----- Exercise data -----
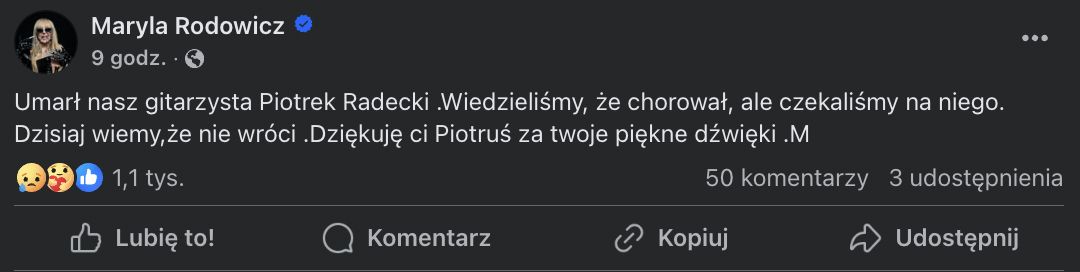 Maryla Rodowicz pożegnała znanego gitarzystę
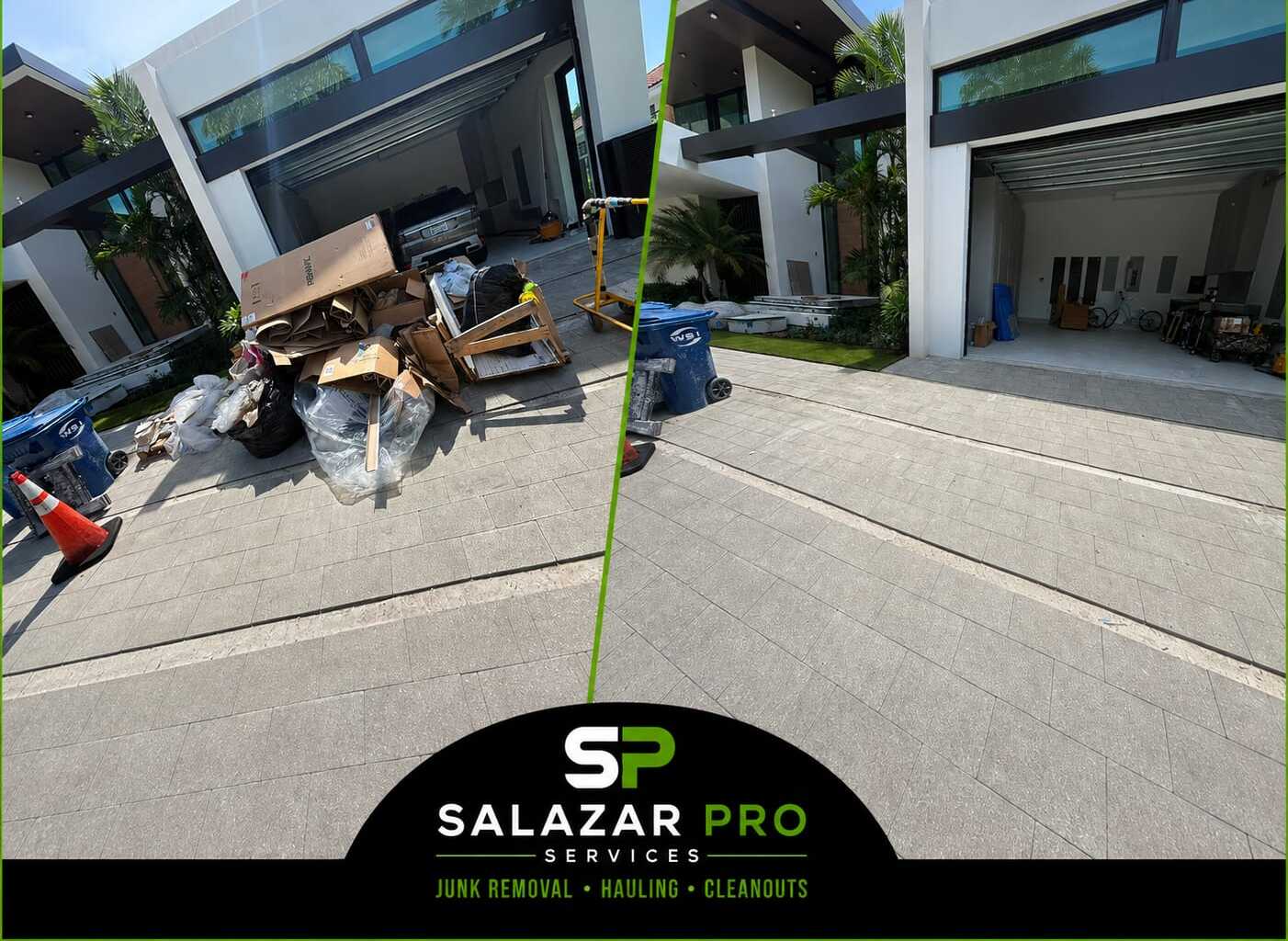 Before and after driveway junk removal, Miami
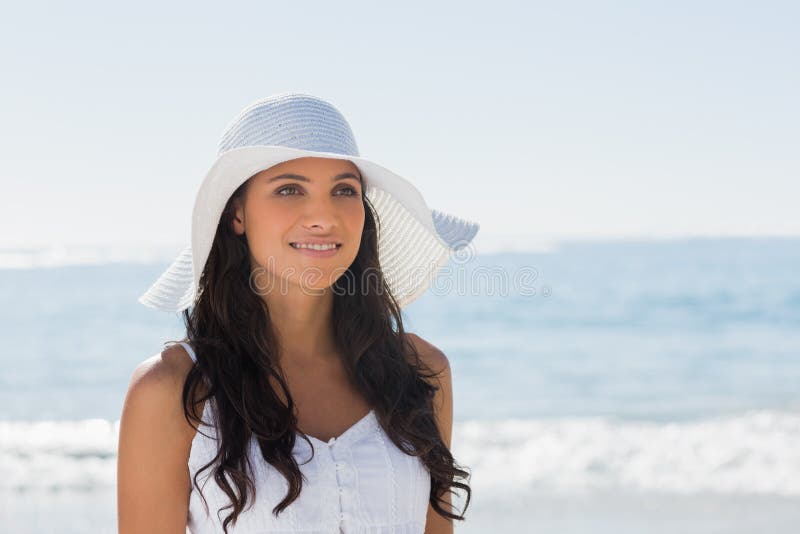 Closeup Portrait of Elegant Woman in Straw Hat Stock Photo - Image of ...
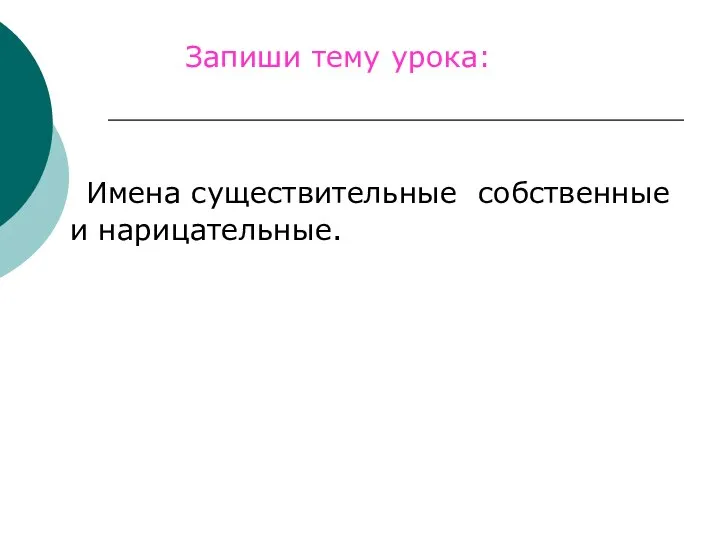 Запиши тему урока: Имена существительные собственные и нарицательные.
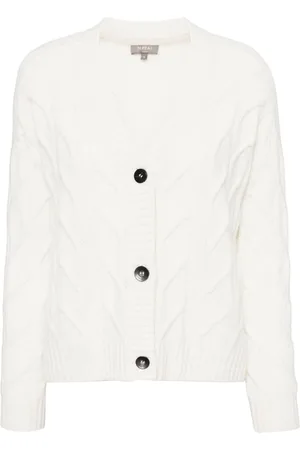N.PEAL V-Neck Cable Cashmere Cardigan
-----
----- Exercise data -----
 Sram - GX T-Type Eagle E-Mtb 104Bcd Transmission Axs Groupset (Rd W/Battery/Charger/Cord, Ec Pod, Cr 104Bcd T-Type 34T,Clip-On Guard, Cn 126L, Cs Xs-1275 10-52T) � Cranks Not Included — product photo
-----
▸ Your goal: Set down again, word for word, every line from the one with "Maryla Rodowicz pożegnała znanego gitarzystę" to the one with "N.PEAL V-Neck Cable Cashmere Cardigan" in the entries above, and omit the pictures.

▸ Task solution:
 Maryla Rodowicz pożegnała znanego gitarzystę
 Before and after driveway junk removal, Miami
 Closeup Portrait of Elegant Woman in Straw Hat Stock Photo - Image of ...
 Запиши тему урока: Имена существительные собственные и нарицательные.
N.PEAL V-Neck Cable Cashmere Cardigan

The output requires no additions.